What you are asked to do: Without the pictures, write out all the lines below exactly as they appear.

Given records:
------
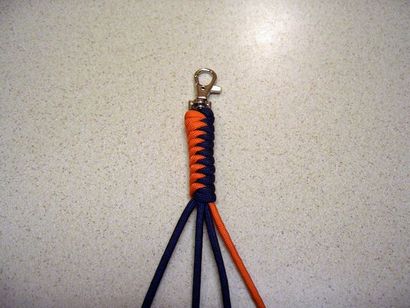 Paracord Wrist Lanyard Hergestellt mit der Schlange Knoten 7 Schritte (mit Bildern)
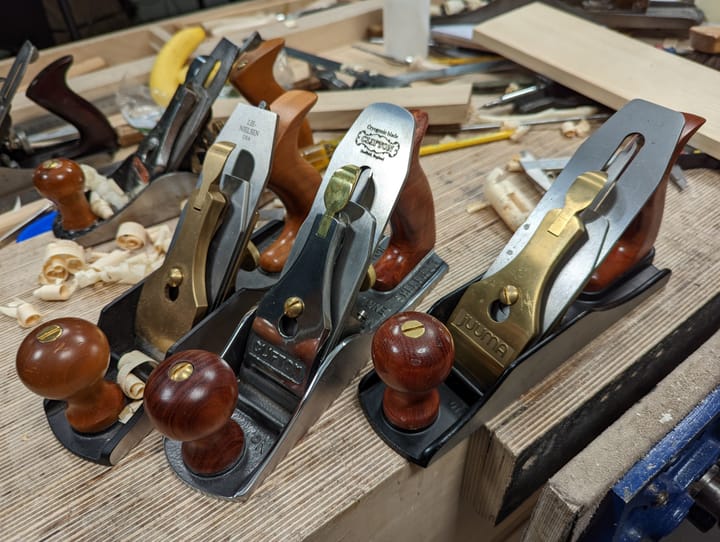 BedRock or Bailey-Pattern throat openings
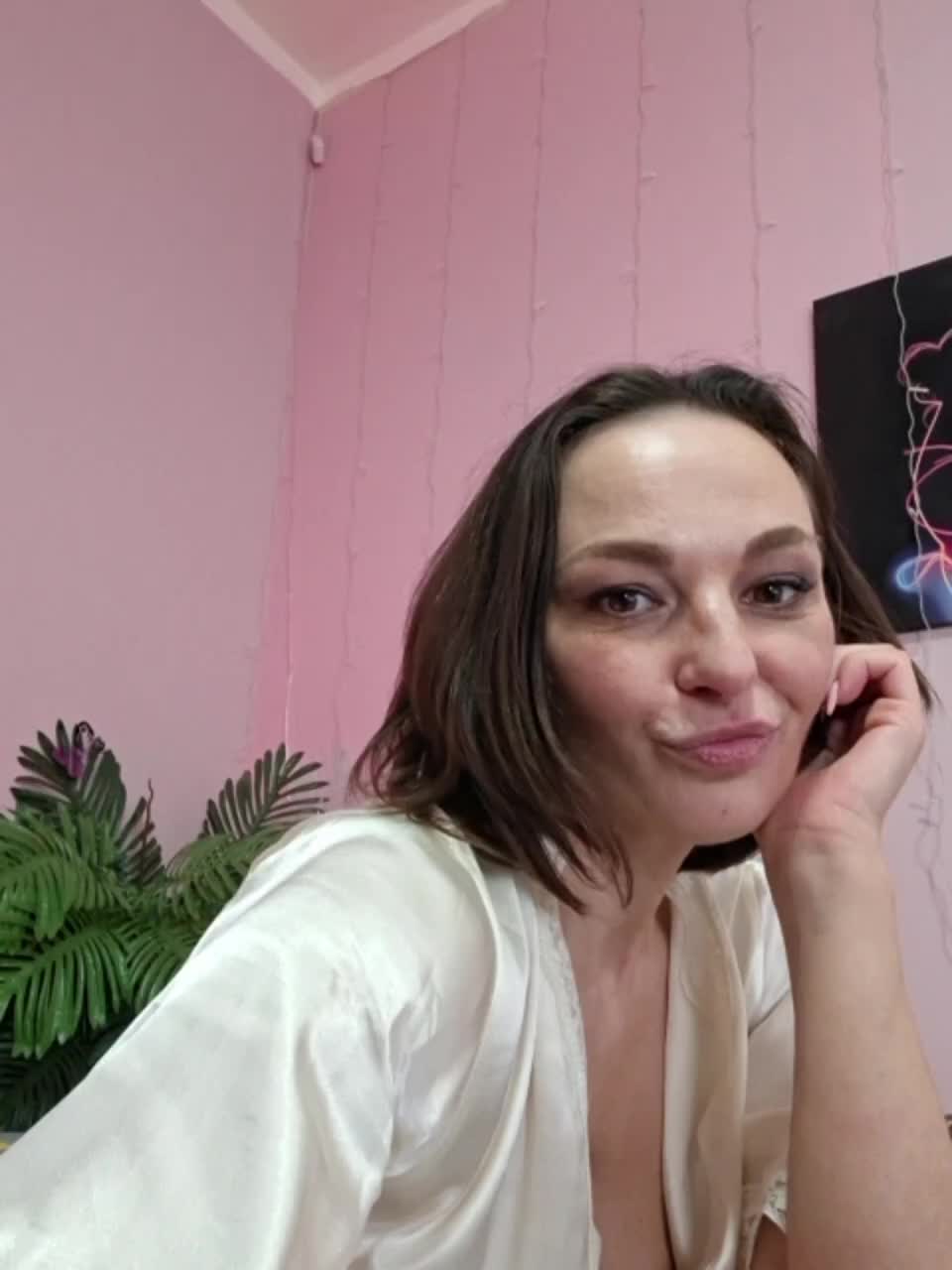 Naomi-milf Adult Chat May 8, 2026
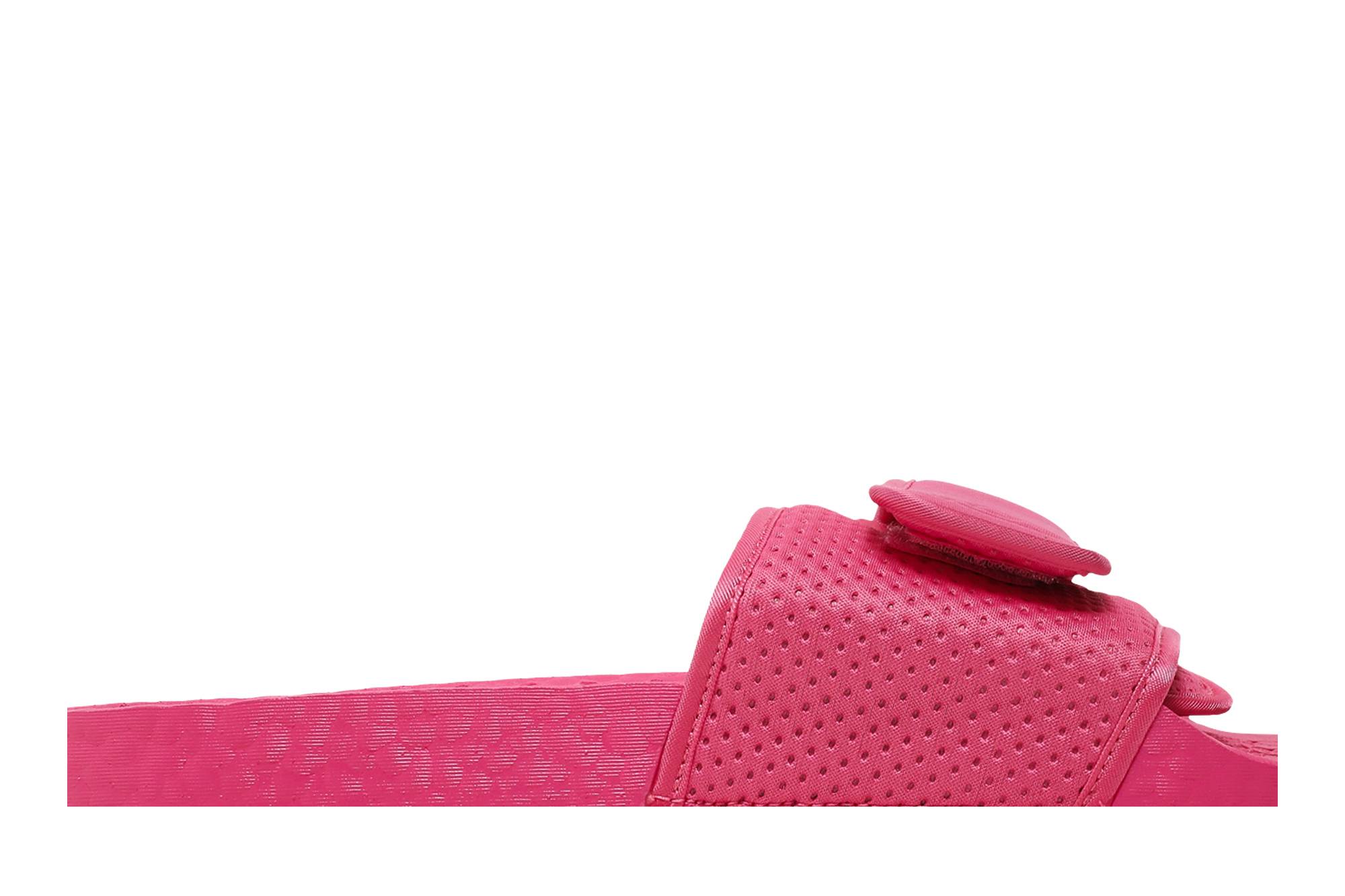 Order ファレルxアディダス ブーストスライド "セミソーラーピンク" FV7289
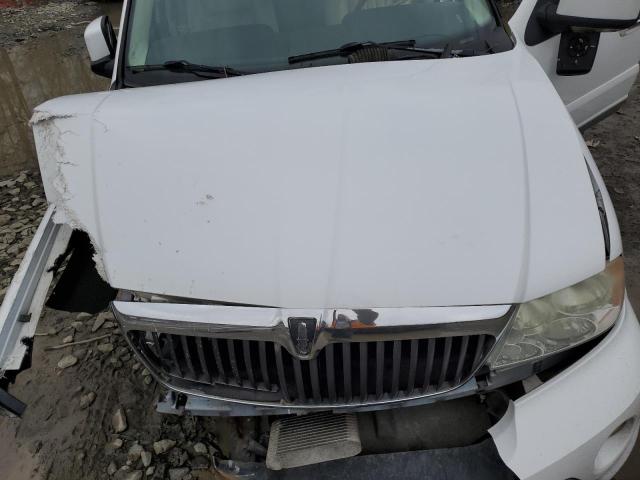 5LMFU28R13LJ31916 - 2003 LINCOLN NAVIGATOR 白色 照片 12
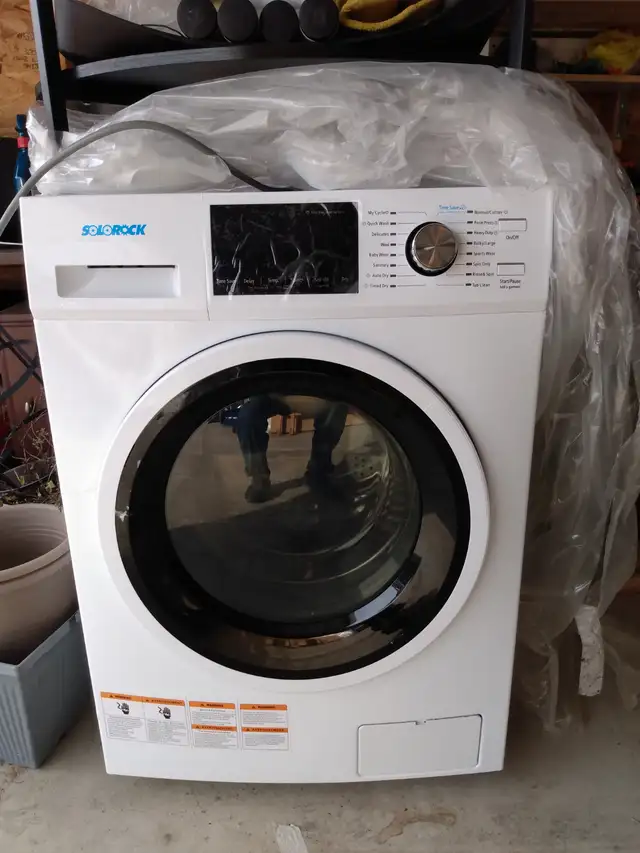 COMPACT VENTLESS WASHER DRYER COMBO in Washers & Dryers in Kitchener / Waterloo - Image 3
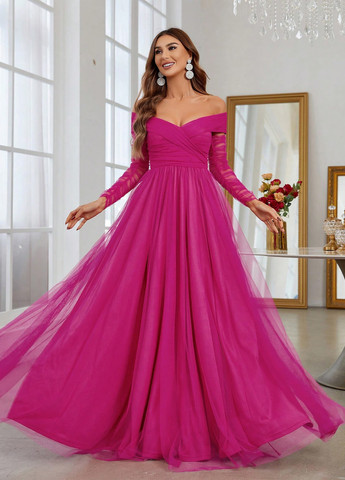 Фуксиновое (цвета Фуксия) вечернее платье с открытыми плечами SHEIN однотонное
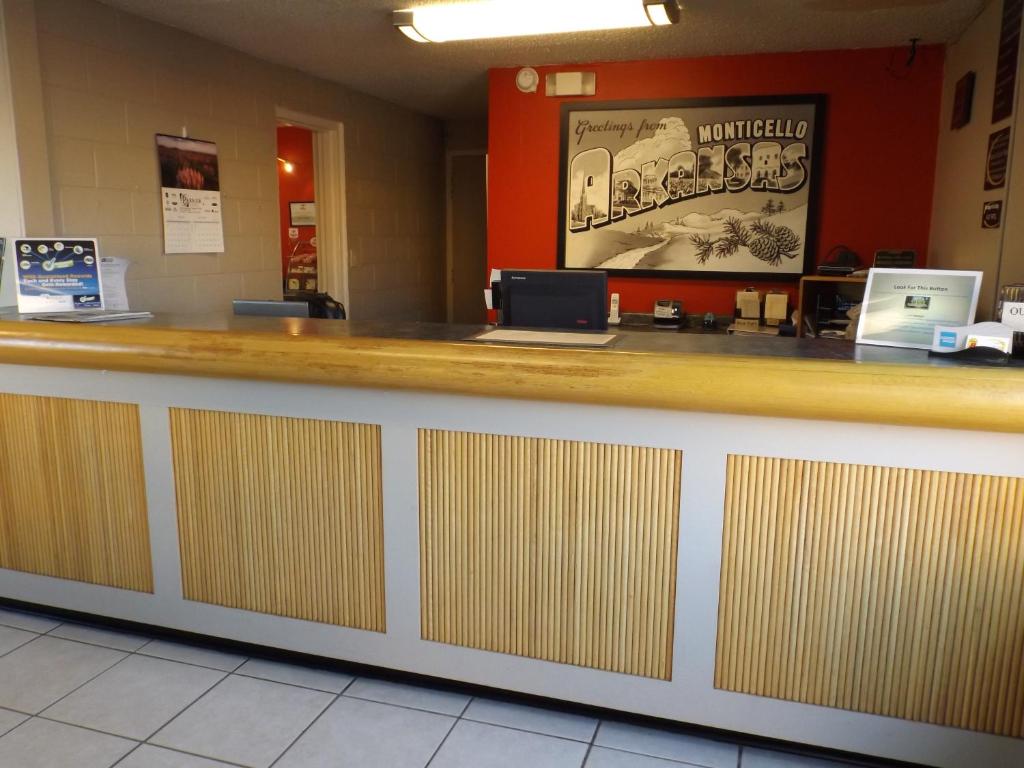 Super 8 By Wyndham Monticello Ar photo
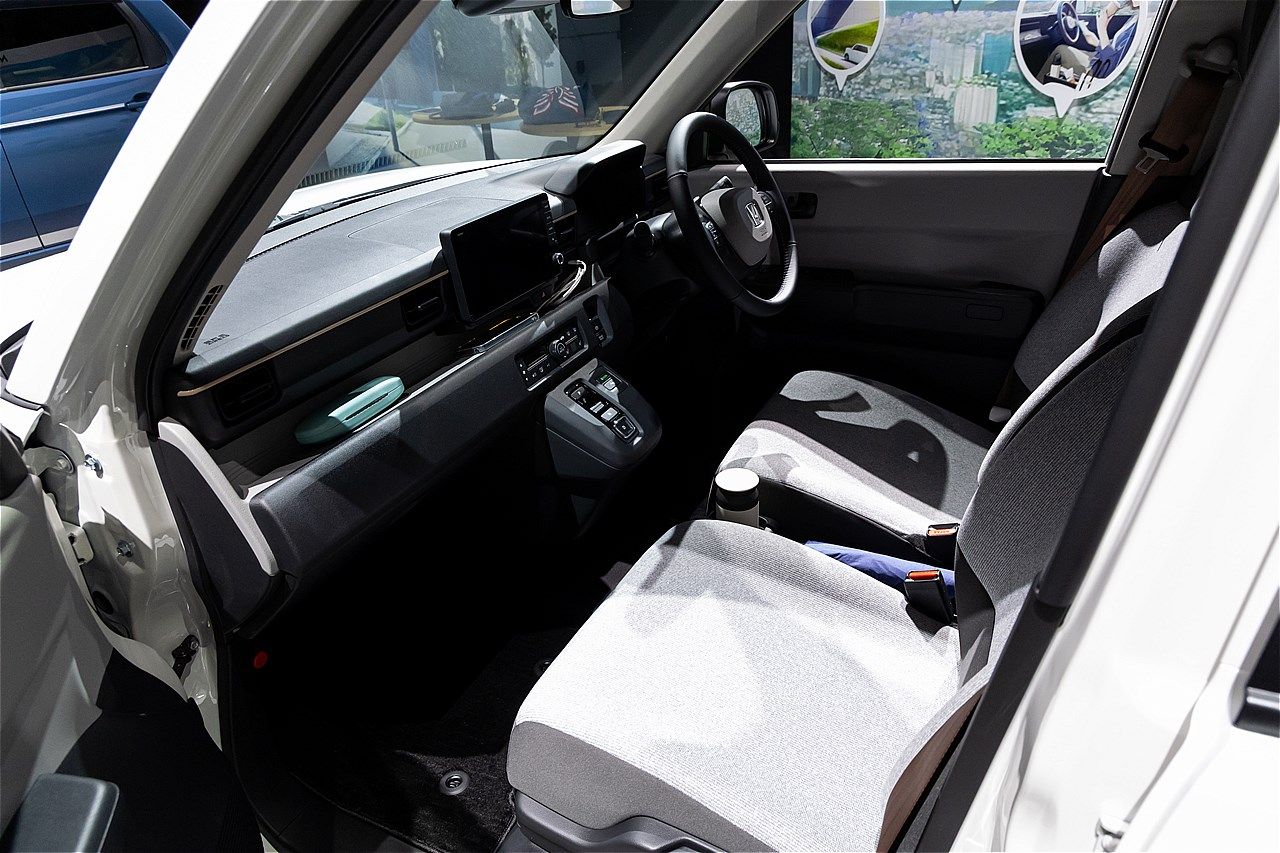 ホンダの新型軽自動車EV「N-ONE e:」（写真：三木 宏章）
------
Written response:
 Paracord Wrist Lanyard Hergestellt mit der Schlange Knoten 7 Schritte (mit Bildern)
 BedRock or Bailey-Pattern throat openings
 Naomi-milf Adult Chat May 8, 2026
 Order ファレルxアディダス ブーストスライド "セミソーラーピンク" FV7289
 5LMFU28R13LJ31916 - 2003 LINCOLN NAVIGATOR 白色 照片 12
 COMPACT VENTLESS WASHER DRYER COMBO in Washers & Dryers in Kitchener / Waterloo - Image 3
 Фуксиновое (цвета Фуксия) вечернее платье с открытыми плечами SHEIN однотонное
 Super 8 By Wyndham Monticello Ar photo
 ホンダの新型軽自動車EV「N-ONE e:」（写真：三木 宏章）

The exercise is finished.